§ The task: The answer should hold only the lines from the one containing "Book cover of: Young" through the one containing "1.499 Lensa Bifokal Flat Top Setengah Jadi" in the entries below, copied exactly, without pictures.

§ Given information:
>>>

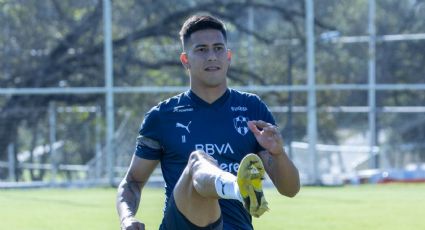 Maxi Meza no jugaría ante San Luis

<<<
>>>

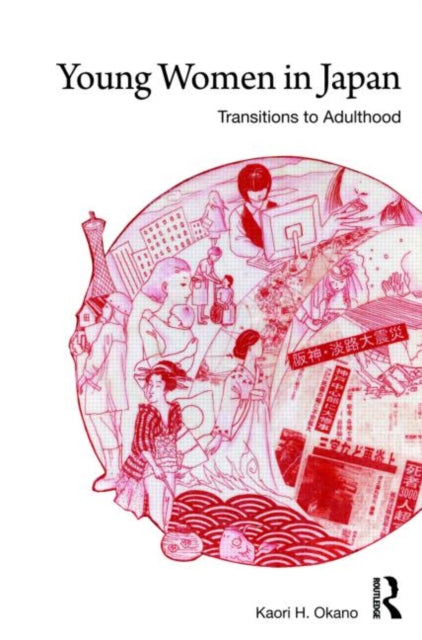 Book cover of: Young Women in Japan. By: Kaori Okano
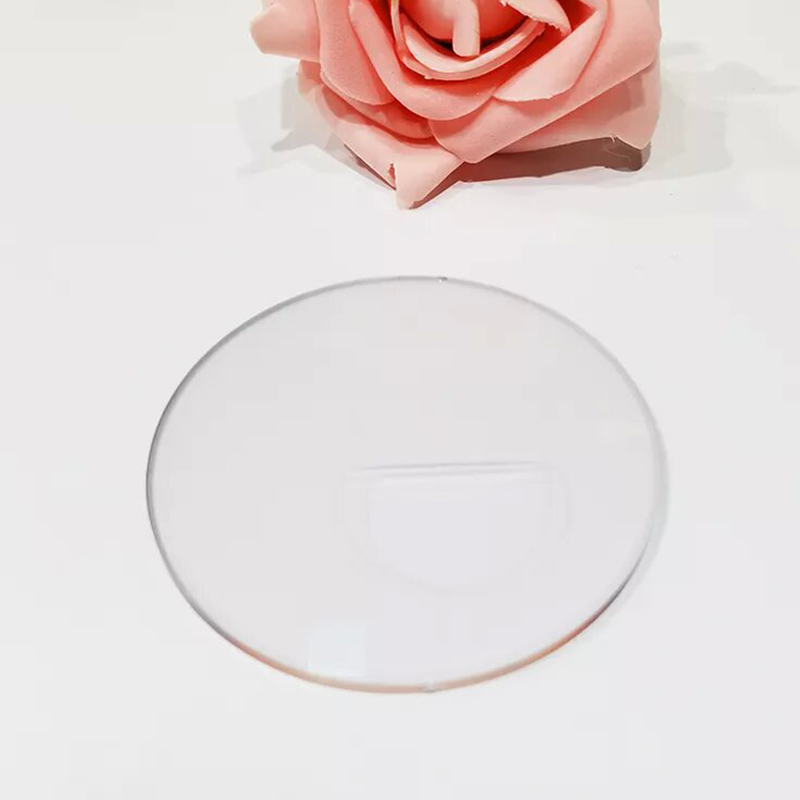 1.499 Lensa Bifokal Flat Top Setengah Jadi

<<<
>>>

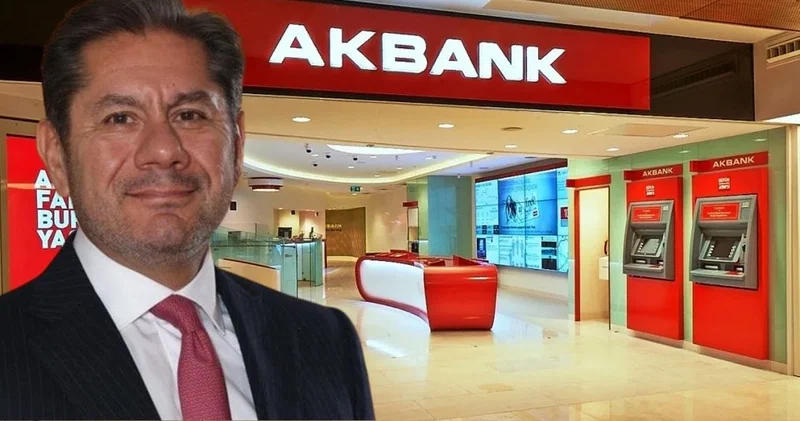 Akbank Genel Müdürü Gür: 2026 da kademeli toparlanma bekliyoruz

<<<

§ Result of the exercise:
 Book cover of: Young Women in Japan. By: Kaori Okano
 1.499 Lensa Bifokal Flat Top Setengah Jadi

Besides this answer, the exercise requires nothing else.